Computer Vision: Who is Helped and Who is Harmed?

Date

Computer vision has ceased to be a purely academic endeavor. From law enforcement, to border control, to employment, healthcare diagnostics, and assigning trust scores, computer vision systems are being rapidly integrated into all aspects of society. In research, there are works that purport to determine a person’s sexuality from their social network profile images, others that claim to classify “violent individuals” from drone footage. These works were published in high impact journals, and some were presented at workshops in top tier computer vision conferences such as CVPR.

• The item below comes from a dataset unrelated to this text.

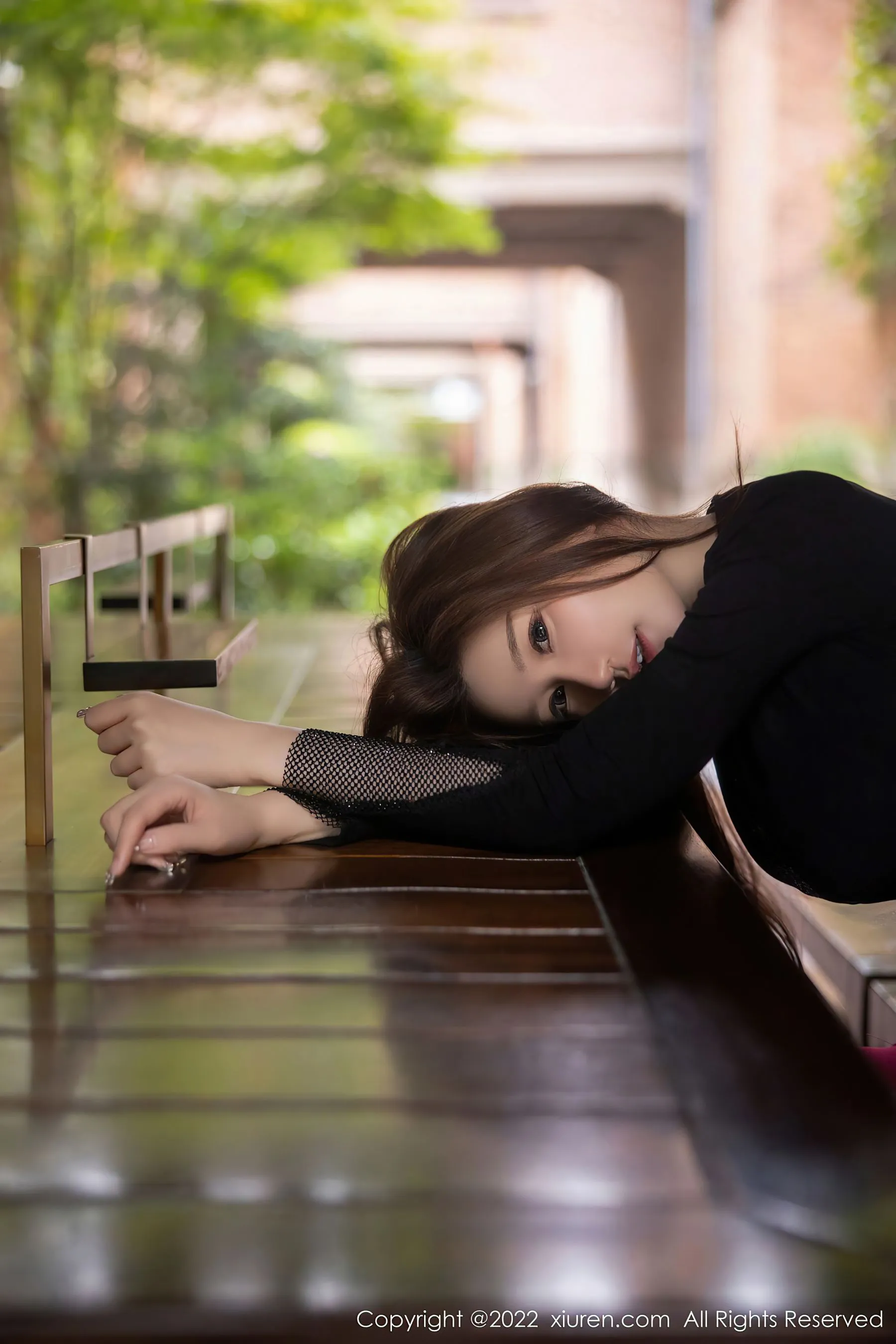  秀人网 No.6069 顾乔楠Cora 黑丝美臀第11张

A critical public discourse surrounding the use of computer-vision based technologies has also been mounting. For example, the use of facial recognition technologies by policing agencies has been heavily critiqued and, in response, companies such as Microsoft, Amazon, and IBM have pulled or paused their facial recognition software services. Gender Shades showed that commercial gender classification systems have high disparities in error rates by skin-type and gender, and other works discuss the harms caused by the mere existence of automatic gender recognition systems. Recent papers have also exposed shockingly racist and sexist labels in popular computer vision datasets–resulting in the removal of some. In this talk, I will highlight some of these issues and proposed solutions to mitigate bias, as well as how some of the proposed fixes could exacerbate the problem rather than mitigate it.

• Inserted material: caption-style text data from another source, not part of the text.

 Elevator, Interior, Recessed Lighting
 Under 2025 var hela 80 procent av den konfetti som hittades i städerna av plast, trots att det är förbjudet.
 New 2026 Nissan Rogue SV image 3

View a recording of this event on YouTube.

Speaker

Timnit Gebru

Timnit Gebru

Computer Scientist, former Co-Lead Ethical AI Research Team, Google Brain, Founder of Black in AI

Timnit Gebru was a senior research scientist at Google co-leading the Ethical Artificial Intelligence research team. Her work focuses on mitigating the potential negative impacts of machine learning based systems. Timnit is also the co-founder of Black in AI, a non profit supporting Black researchers and practitioners in artificial intelligence.  Prior to this, she did a postdoc at Microsoft Research, New York City in the FATE (Fairness Transparency Accountability and Ethics in AI) group, where she studied algorithmic bias and the ethical implications underlying any data mining project. She received her Ph.D. from the Stanford Artificial Intelligence Laboratory, studying computer vision under Fei-Fei Li. Prior to joining Fei-Fei’s lab, she worked at Apple designing circuits and signal processing algorithms for various Apple products including the first iPad.